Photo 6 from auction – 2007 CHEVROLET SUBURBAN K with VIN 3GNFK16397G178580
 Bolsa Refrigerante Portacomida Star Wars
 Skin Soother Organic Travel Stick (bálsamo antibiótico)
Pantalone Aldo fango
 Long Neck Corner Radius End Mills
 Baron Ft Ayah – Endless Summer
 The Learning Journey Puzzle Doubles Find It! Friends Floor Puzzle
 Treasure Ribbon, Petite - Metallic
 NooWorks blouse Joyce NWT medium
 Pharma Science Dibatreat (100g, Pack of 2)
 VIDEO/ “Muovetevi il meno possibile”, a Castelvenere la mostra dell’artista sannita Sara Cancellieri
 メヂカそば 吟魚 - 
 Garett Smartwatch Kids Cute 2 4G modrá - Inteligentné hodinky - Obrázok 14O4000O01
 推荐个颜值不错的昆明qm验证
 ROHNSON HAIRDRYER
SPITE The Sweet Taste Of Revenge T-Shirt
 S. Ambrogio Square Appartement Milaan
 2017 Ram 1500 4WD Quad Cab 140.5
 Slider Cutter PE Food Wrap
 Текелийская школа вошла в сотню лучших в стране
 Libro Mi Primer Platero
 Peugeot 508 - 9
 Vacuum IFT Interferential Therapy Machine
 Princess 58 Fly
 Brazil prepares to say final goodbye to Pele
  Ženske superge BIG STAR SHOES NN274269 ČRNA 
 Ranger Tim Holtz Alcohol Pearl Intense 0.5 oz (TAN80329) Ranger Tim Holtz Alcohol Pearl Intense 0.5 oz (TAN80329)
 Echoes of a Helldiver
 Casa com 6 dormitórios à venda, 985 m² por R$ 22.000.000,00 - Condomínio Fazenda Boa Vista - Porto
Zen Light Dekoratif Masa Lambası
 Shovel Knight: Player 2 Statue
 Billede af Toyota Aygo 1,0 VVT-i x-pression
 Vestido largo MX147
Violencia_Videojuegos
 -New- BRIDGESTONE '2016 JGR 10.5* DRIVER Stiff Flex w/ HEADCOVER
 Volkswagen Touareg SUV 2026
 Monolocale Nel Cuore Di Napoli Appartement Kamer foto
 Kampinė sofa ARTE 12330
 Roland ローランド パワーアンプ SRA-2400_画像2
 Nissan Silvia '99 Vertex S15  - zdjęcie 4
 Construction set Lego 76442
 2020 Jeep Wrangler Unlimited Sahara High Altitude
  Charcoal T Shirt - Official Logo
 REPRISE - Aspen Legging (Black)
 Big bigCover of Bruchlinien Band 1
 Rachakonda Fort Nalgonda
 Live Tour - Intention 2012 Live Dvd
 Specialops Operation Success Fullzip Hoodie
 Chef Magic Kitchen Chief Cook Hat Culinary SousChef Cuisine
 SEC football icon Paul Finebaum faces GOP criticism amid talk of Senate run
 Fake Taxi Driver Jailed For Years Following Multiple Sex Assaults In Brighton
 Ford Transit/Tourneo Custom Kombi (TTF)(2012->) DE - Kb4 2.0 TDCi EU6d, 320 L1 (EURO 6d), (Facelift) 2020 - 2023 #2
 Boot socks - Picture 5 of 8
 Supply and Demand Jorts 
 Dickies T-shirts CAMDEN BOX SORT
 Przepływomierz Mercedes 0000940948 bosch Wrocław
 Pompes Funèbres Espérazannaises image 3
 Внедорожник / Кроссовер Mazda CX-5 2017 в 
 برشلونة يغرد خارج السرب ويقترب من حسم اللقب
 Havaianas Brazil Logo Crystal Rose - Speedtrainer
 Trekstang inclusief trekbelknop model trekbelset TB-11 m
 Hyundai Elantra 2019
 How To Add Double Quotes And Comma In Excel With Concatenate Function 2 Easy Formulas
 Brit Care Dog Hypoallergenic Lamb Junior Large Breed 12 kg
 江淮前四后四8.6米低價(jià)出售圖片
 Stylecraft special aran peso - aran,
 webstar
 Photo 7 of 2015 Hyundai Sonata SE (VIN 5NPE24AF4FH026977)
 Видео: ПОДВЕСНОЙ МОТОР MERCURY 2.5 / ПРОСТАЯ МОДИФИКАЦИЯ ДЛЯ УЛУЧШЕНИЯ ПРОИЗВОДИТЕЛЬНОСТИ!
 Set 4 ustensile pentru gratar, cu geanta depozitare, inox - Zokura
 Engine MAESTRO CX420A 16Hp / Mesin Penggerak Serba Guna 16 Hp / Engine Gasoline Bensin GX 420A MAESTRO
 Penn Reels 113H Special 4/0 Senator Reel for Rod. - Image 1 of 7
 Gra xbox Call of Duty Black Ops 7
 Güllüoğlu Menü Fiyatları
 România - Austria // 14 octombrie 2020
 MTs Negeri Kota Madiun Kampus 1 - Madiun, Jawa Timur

Task directions: All lines from the beginning of the listing through the one with "Long Neck Corner Radius End Mills" are to be restated word for word, and only those.

Response below:
Photo 6 from auction – 2007 CHEVROLET SUBURBAN K with VIN 3GNFK16397G178580
 Bolsa Refrigerante Portacomida Star Wars
 Skin Soother Organic Travel Stick (bálsamo antibiótico)
Pantalone Aldo fango
 Long Neck Corner Radius End Mills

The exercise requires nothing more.